# 8 days



## Selena van Leeuwen (Mar 29, 2006)

moreto be found here


----------



## Mike Schoonbrood (Mar 27, 2006)

Very nice! Looking forward to when they are older and I can see them hanging off your ankles


----------



## Connie Sutherland (Mar 27, 2006)

I like how they get into a pile like that. Efficient heat conservation!


----------



## Mike Schoonbrood (Mar 27, 2006)

Connie Sutherland said:


> I like how they get into a pile like that. Efficient heat conservation!

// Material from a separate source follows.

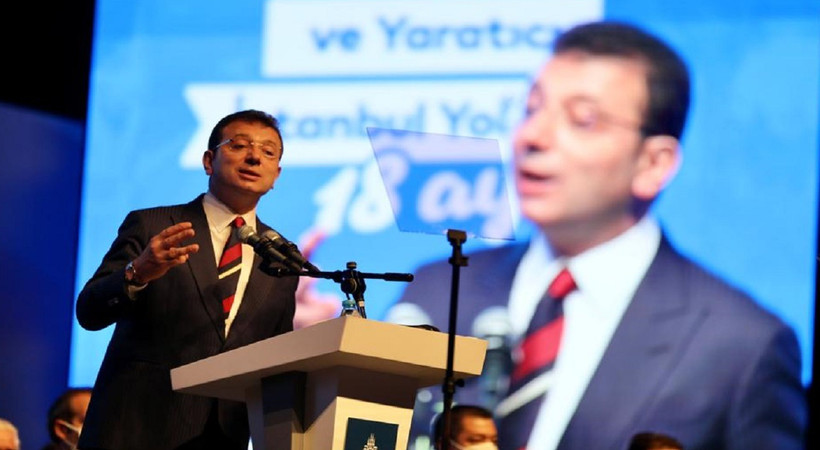 İmamoğlu açıkladı! Fatih tablosuna soruşturma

When we move the pups to clean the whelping area I love piling them on top of eachother when I put them back :lol: It's amusing to me


----------



## Connie Sutherland (Mar 27, 2006)

So kinda like Legos or blocks?

How high do you get them?


----------



## Mike Schoonbrood (Mar 27, 2006)

They slide off eachother if u go more than 2 high, but u can get a nice lil cluster of puppies if you place them properly.


----------



## Connie Sutherland (Mar 27, 2006)

Yeah, they do look like slippery little buggers.

They also look pretty amenable to puppy-piles!


----------



## Michelle Kutelis (Sep 28, 2006)

Oh no I do that also- even with just my two!


----------



## Tim Martens (Mar 27, 2006)

which one is mine selena?


----------